PROBLEM TO SOLVE: The reply should contain every entry below exactly as written, with no images.

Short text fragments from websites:

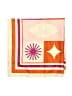 Assorted Brands 100% Polyester Ivory Scarf One size - photo 2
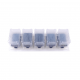 (13)1000μl Filtered Tips compatible with Universal Pipette Tips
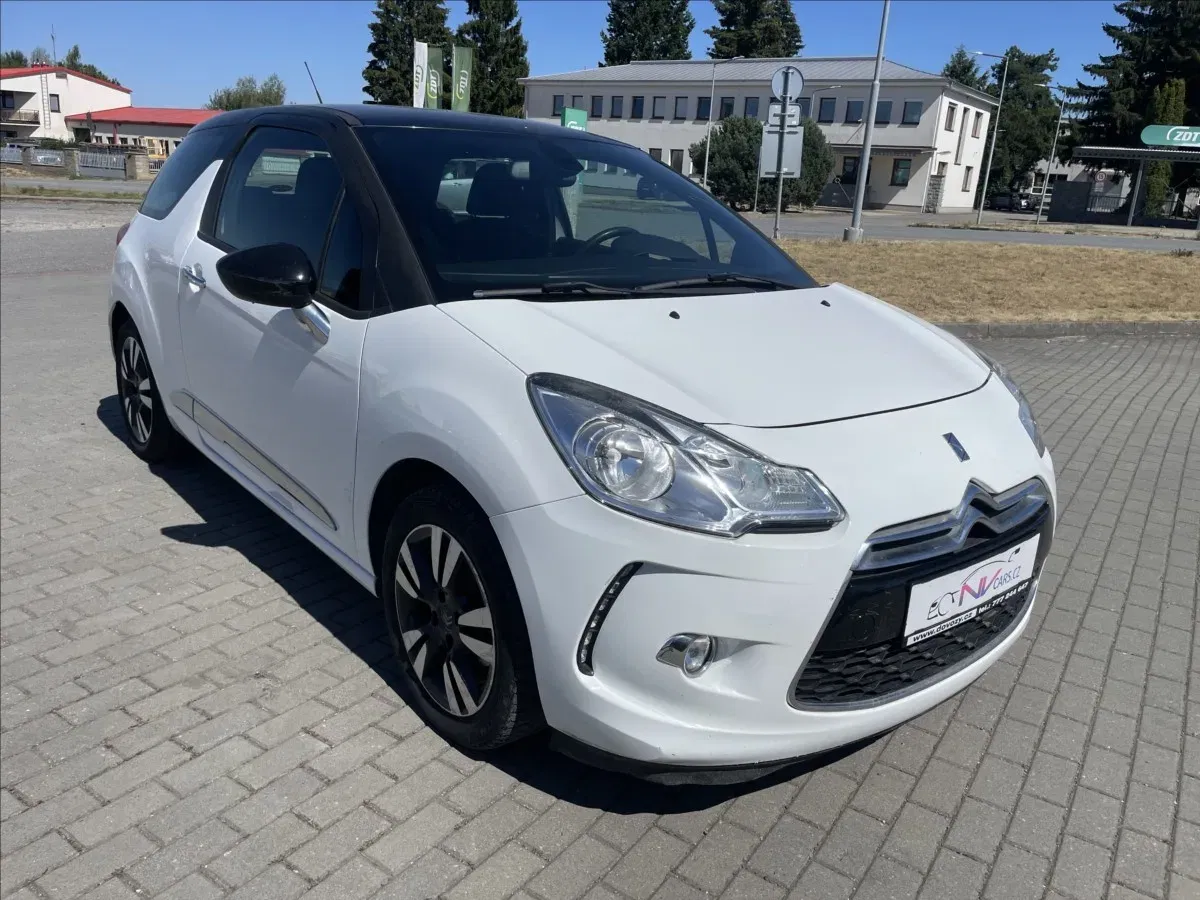 Citroën DS3 - Náhled 6
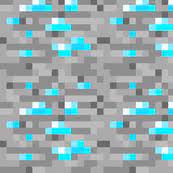Fabric Shop For Fabric By Independent Designers Spoonflower Minecraft Bedding Minecraft Room Minecraft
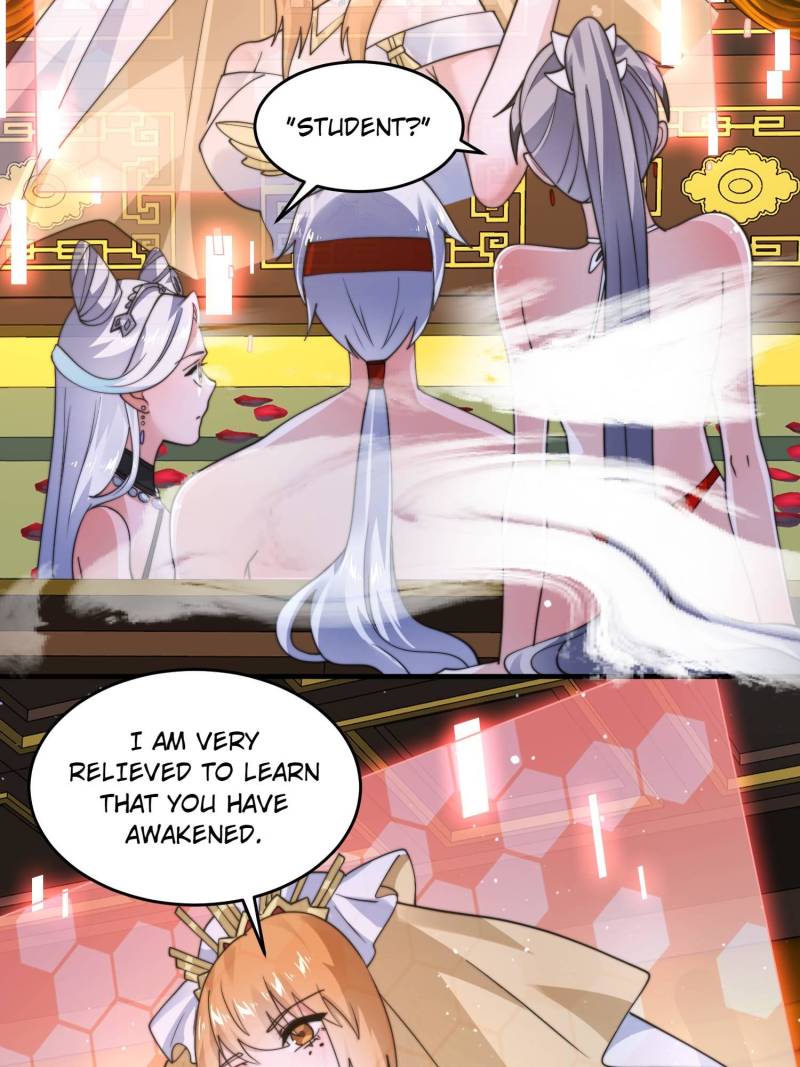 All the Female Apprentices Want to Kill Me Chapter 246 - Page 31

OUTPUT OF THE TASK:
 Assorted Brands 100% Polyester Ivory Scarf One size - photo 2
 (13)1000μl Filtered Tips compatible with Universal Pipette Tips
 Citroën DS3 - Náhled 6
Fabric Shop For Fabric By Independent Designers Spoonflower Minecraft Bedding Minecraft Room Minecraft
 All the Female Apprentices Want to Kill Me Chapter 246 - Page 31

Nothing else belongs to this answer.